> What the exercise asks:
Below are lines of data, and only some are wanted. Please repeat exactly those from the line that has "Tescoma műanyag tál" through the line that has "EPSON PowerLite 4650A".
*** Materials provided ***
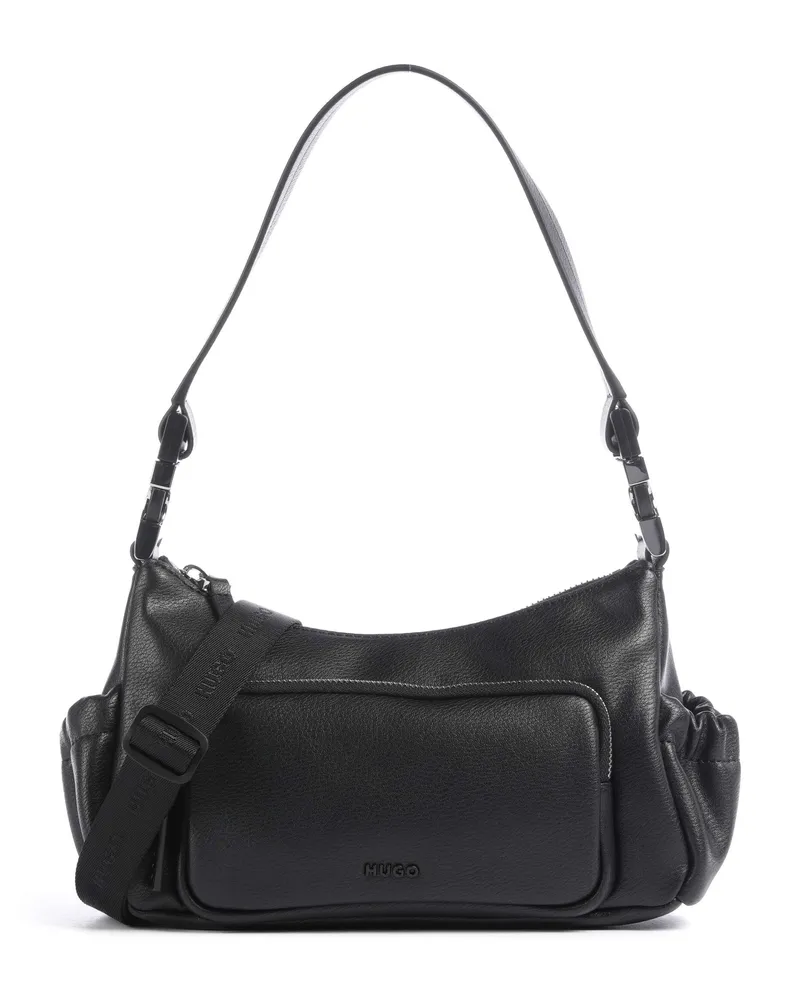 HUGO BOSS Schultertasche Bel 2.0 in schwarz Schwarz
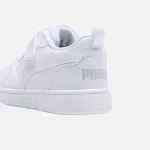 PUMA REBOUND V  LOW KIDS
*** End of Materials provided ***
*** Materials provided ***
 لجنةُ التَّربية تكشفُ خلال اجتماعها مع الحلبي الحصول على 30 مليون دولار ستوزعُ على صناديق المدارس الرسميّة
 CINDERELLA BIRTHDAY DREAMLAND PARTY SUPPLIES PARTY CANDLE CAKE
*** End of Materials provided ***
*** Materials provided ***
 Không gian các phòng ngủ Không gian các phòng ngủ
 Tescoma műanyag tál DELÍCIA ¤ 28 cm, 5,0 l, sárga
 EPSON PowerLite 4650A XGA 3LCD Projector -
*** End of Materials provided ***
> Finished task:
 Tescoma műanyag tál DELÍCIA ¤ 28 cm, 5,0 l, sárga
 EPSON PowerLite 4650A XGA 3LCD Projector -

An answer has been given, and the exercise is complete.